KODE was acquired by Mission Broadcasting in 2002, following its takeover of Quorum Broadcasting. Subsequently, KODE then entered into a shared services agreement with Nexstar Broadcasting, which owns NBC affiliate KSNF. The same year, it was announced KSNF and KODE would merge, with building expansion planned at the KSN studios.

On May 8, 2009, a powerful storm system slammed Joplin, knocking out power to KODE and knocking down the tower of sister station KSNF. KODE-TV returned to the air early on the morning of May 9, while KSNF didn't return to the air until June 17. Both stations moved to a rebuilt KSNF building in April 2010 making it the next-to-last Nexstar duopoly to do so (as Nexstar formed a virtual duopoly in Evansville, Indiana, in December 2011 with the purchase of that market's ABC affiliate WEHT and transfer of its existing Evansville independent station (now CW affiliate) WTVW to Mission Broadcasting, and Nexstar almost immediately moved WTVW's operations to the WEHT facility).

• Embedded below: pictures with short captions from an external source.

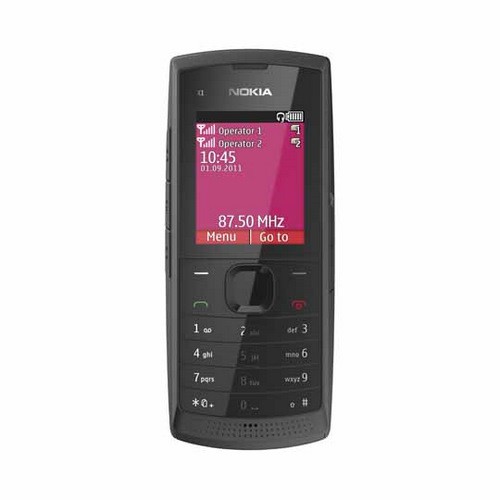 Điện thoại cổ nokia x1-01 2 sim chính hãng giá rẻ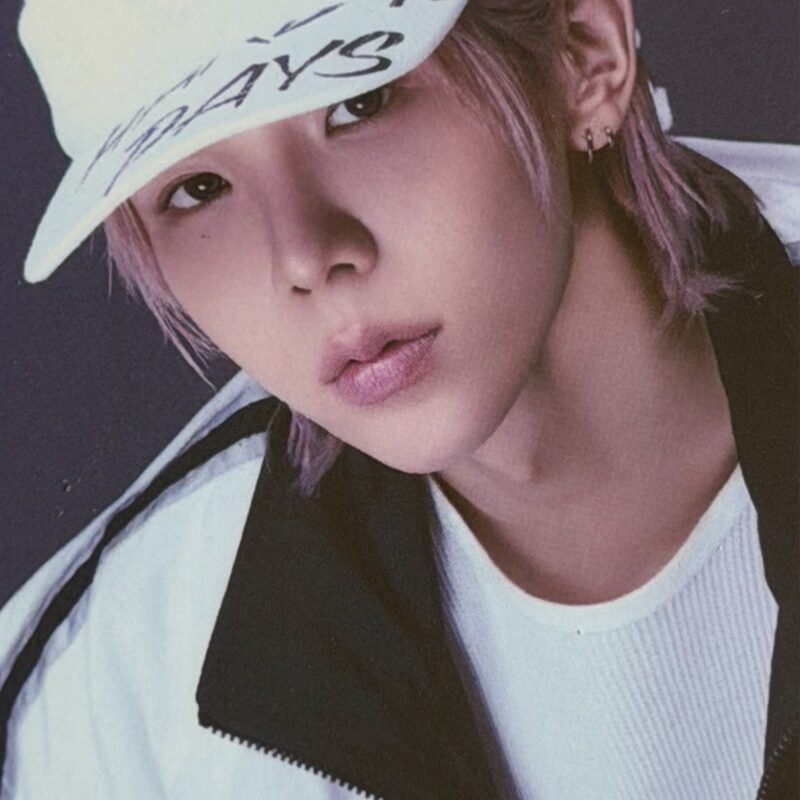 RIIZE Shotaro THE 2nd Mini Album Japan photocard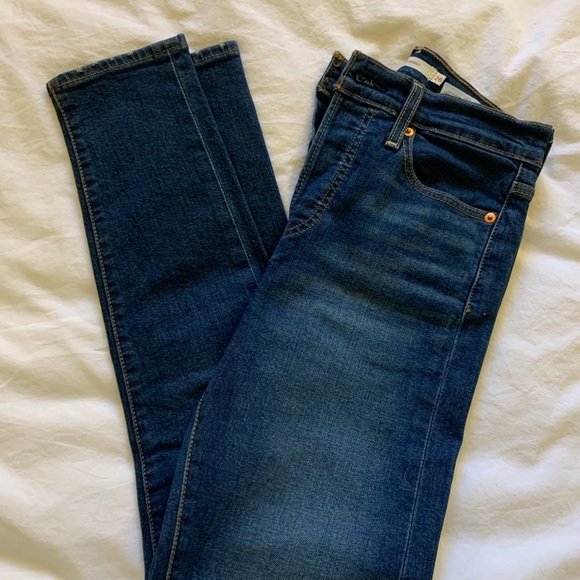 Levi’s Wedgie Skinny - Picture 4 of 5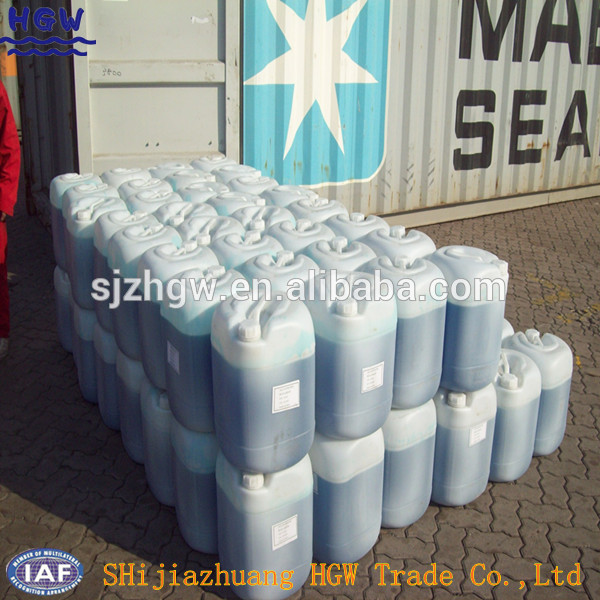 Chinese Professional Wooden Barrel For Sale - Non-foam Algaecide for sale – HGW Trade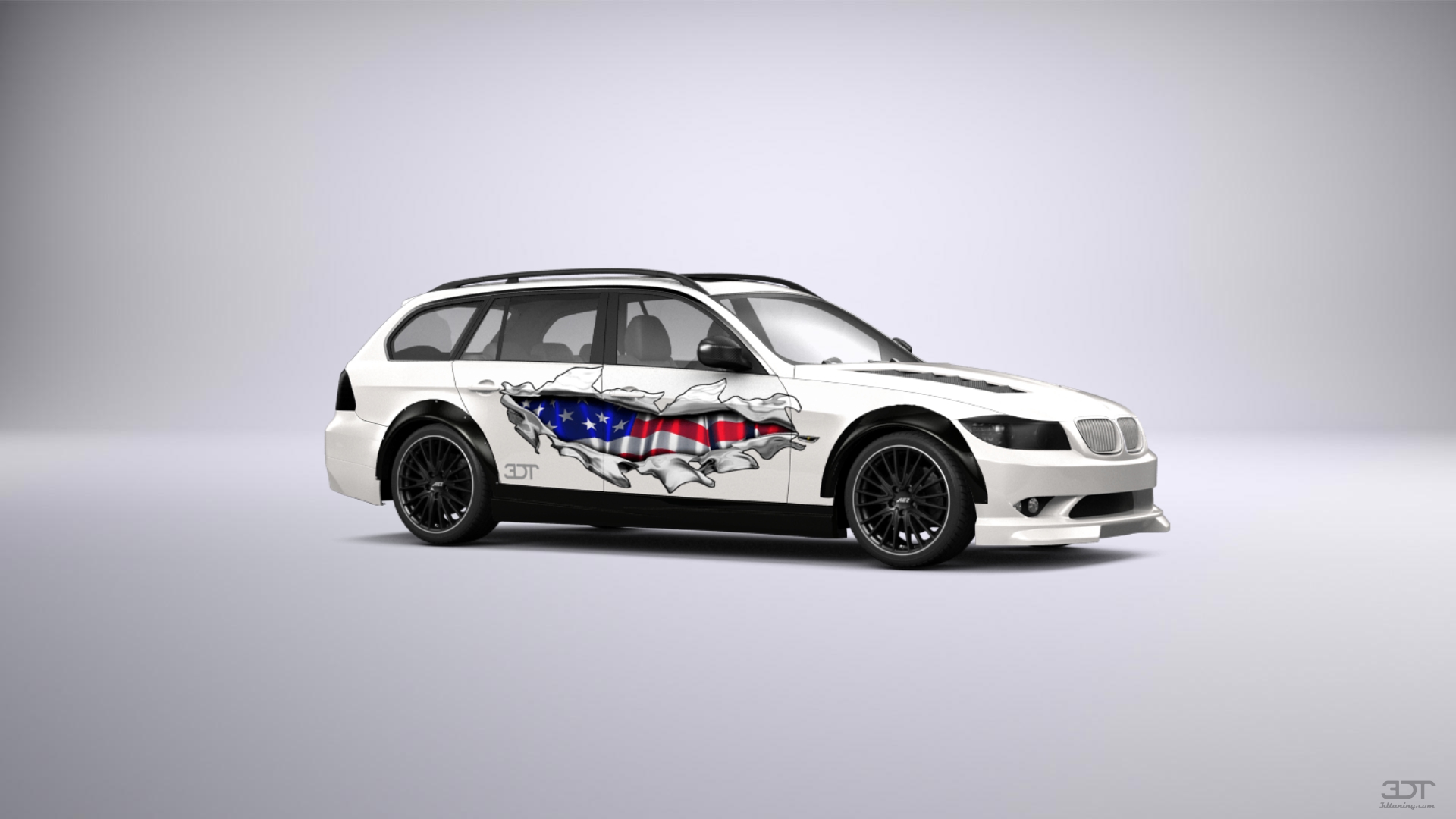 Handmadecars | Car Garage on 3DTuning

On December 19, 2012, KODE began broadcasting its local newscasts in High Definition.

On June 15, 2016, Nexstar announced that it has entered into an affiliation agreement with Katz Broadcasting for the Escape, Laff, Grit, and Bounce TV networks (the last one of which is owned by Bounce Media LLC, whose COO Jonathan Katz is president/CEO of Katz Broadcasting), bringing the four networks to 81 stations owned and/or operated by Nexstar, including KODE-TV and KSNF.

Programming
Syndicated programming broadcast on KODE-TV includes Jeopardy! (which also airs on KSNF, though sister show Wheel of Fortune airs on KOAM-TV), Live with Kelly and Ryan, Sherri, Inside Edition, The Kelly Clarkson Show, and Entertainment Tonight. Unlike most ABC affiliates, KODE-TV is one of a few ABC affiliates to air paid programming on weekdays.

News operation
KODE-TV presently broadcasts 17 hours of local newscasts each week (with three hours each weekday and an hour each on Saturdays and Sundays).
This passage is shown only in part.